From ChildrenWithDiabetes.com (https://archive.childrenwithdiabetes.com/d_08_b70.htm) :
Discovered in the 1960s, Isomalt is a mixture of two disaccharide alcohols: gluco mannitol and gluco sorbitol. Isomalt:
- is made from sugar
- is used in a variety of foods and pharmaceuticals
- provides the taste and texture of sugar
- is synergistic with other sweeteners
- provides, at most, 2 calories per grain
- does not promote dental cares
- does not increase blood glucose or insulin levels
Isomalt is a low digestible carbohydrate, which is only partially digested in the intestines. In the lower part of the intestinal tract, some of the non-absorbed portion is metabolized by colonic bacteria. These normal physiologic processes, which may, in some people, cause softer stools or more intestinal gas than usual, are similar to how the body responds to high-fiber foods. The few people who might be sensitive usually have no problem if they start with small portions and gradually increase their consumption of low digestible carbohydrates.

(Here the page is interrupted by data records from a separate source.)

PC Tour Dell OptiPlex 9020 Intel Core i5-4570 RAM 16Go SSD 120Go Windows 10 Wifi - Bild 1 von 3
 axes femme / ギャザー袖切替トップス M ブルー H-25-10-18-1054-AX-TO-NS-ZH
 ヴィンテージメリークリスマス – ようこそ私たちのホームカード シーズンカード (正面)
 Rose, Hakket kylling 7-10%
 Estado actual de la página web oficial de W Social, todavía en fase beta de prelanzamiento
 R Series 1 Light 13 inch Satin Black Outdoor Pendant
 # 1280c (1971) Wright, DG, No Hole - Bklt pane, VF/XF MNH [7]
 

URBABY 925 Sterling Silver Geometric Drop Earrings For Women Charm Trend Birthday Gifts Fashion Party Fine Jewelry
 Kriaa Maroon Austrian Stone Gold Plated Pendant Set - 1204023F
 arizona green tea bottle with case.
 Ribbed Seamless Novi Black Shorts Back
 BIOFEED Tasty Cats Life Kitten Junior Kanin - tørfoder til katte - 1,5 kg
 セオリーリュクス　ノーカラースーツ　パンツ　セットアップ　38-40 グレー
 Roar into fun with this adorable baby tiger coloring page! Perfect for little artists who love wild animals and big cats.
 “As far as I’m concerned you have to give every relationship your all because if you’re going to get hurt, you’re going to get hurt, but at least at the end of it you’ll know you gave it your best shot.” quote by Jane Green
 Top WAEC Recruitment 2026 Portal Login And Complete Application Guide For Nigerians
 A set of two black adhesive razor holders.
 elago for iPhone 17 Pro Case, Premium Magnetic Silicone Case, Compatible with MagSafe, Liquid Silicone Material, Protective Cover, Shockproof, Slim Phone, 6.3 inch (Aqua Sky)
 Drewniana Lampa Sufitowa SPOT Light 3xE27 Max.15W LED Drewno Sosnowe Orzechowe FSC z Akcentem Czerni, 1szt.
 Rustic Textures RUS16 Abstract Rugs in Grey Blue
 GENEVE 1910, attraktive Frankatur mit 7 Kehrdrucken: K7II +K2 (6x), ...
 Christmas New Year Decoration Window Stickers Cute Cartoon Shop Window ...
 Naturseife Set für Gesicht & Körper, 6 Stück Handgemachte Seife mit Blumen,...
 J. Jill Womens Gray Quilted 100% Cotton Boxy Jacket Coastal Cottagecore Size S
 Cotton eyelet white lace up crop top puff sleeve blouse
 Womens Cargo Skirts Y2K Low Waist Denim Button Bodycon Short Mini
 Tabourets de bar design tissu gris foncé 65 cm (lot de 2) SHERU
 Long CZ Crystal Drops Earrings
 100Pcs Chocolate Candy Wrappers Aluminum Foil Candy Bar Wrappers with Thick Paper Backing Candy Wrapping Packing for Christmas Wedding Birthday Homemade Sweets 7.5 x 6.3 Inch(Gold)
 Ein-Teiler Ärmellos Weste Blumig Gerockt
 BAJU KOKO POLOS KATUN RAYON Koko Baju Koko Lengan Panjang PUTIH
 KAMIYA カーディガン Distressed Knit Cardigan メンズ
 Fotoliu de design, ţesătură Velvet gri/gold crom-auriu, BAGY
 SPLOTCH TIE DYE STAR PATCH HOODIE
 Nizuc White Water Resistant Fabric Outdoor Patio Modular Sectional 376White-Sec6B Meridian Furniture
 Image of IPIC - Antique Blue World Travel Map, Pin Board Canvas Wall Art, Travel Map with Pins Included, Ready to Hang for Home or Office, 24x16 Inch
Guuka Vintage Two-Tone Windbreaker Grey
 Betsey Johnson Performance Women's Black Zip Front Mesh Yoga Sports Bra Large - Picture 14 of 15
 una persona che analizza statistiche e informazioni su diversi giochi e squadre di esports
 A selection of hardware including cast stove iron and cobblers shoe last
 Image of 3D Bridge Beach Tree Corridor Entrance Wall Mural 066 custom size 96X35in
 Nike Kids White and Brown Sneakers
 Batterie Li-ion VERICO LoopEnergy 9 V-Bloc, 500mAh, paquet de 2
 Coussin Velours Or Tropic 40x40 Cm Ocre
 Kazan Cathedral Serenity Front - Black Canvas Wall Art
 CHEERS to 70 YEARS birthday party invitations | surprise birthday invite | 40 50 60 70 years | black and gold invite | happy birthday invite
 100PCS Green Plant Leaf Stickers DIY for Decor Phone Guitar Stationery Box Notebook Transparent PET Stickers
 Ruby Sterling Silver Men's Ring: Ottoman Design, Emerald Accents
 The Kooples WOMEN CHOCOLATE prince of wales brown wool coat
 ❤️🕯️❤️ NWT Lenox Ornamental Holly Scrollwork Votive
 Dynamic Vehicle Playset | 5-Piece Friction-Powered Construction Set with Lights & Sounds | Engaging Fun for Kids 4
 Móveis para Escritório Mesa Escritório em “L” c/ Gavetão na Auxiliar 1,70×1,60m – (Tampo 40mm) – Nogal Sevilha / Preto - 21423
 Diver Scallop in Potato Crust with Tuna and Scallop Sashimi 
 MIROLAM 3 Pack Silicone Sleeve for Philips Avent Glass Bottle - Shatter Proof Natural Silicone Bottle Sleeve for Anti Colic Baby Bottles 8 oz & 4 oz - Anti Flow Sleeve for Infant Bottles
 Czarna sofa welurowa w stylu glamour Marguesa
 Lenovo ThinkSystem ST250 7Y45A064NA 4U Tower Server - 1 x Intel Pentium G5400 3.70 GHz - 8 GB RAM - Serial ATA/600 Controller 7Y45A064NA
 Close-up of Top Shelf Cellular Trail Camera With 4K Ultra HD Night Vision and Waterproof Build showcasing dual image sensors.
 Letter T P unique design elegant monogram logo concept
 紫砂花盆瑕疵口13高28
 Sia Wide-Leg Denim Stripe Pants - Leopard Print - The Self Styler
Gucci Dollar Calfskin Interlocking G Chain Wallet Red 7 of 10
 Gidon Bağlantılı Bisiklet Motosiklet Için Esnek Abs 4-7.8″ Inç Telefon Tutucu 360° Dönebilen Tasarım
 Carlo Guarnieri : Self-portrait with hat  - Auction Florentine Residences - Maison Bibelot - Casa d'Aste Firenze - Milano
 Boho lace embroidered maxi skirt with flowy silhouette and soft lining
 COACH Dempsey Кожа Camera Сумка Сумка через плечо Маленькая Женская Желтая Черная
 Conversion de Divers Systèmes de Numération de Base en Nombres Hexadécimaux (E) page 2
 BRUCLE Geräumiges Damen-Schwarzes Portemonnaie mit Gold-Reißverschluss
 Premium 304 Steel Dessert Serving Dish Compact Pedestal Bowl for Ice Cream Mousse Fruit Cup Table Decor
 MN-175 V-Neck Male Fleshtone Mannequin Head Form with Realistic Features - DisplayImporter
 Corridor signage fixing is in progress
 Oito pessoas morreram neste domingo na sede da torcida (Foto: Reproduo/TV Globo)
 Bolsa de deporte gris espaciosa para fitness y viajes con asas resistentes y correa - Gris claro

Extensive research has been conducted on the effect of Isomalt on blood glucose and insulin levels. This research shows that, after digestion of Isomalt, blood glucose and insulin values do not differ significantly from baseline levels in people who have either Type 1 or Type 2 diabetes.
From a Medical Study "Comparative study of isomalt and sucrose by means of continuous indirect calorimetry. Metabolism." by Thiébaud D, Jacot E, Schmitz H, Spengler M, Felber JP. (https://pubmed.ncbi.nlm.nih.gov/6381959/)
Unlike sucrose, whose ingestion was followed by significant changes in plasma glucose, insulin, and lactic acid during the first 60 minutes of the test, no significant changes in these parameters were observed following the administration of isomalt. The increase in CHO oxidation occurring between 30 and 150 minutes was significantly lower (P less than 0.01) following isomalt than after sucrose. Conversely, the decrease in lipid oxidation was significantly less (P less than 0.01) after isomalt in comparison to sucrose. It is concluded that the rise in CHO oxidation and in plasma glucose and insulin levels is markedly reduced when sucrose is replaced by an equal weight of isomalt. In contrast to other sugar substitutes, no increase in plasma lactic acid was observed after isomalt administration.
From a Clinical Trial "Improved metabolic control after 12-week dietary intervention with low glycaemic isomalt in patients with type 2 diabetes mellitus" by I Holub 1, A Gostner, S Hessdörfer, S Theis, G Bender, B Willinger, J Schauber, R Melcher, B Allolio, W Scheppach (https://pubmed.ncbi.nlm.nih.gov/19701877/)
Thirty-three patients with type 2 diabetes received a diet with foods containing 30 g/d isomalt instead of higher-glycaemic carbohydrates for 12 weeks.
After 12 weeks, significant reductions were observed for: glycosylated haemoglobin, fructosamine, fasting blood glucose, insulin, proinsulin, C-peptide, insulin resistance (HOMA-IR), and oxidised LDL (an atherosclerosis risk factor). In addition, significant lower nonesterified fatty acid concentrations were found in female participants. Routine blood measurements and blood lipids remained unchanged. The substitution of glycaemic ingredients by isomalt and the consequent on reduction of the glycaemic load within otherwise unchanged diet was accompanied by significant improvement in the metabolic control of diabetes.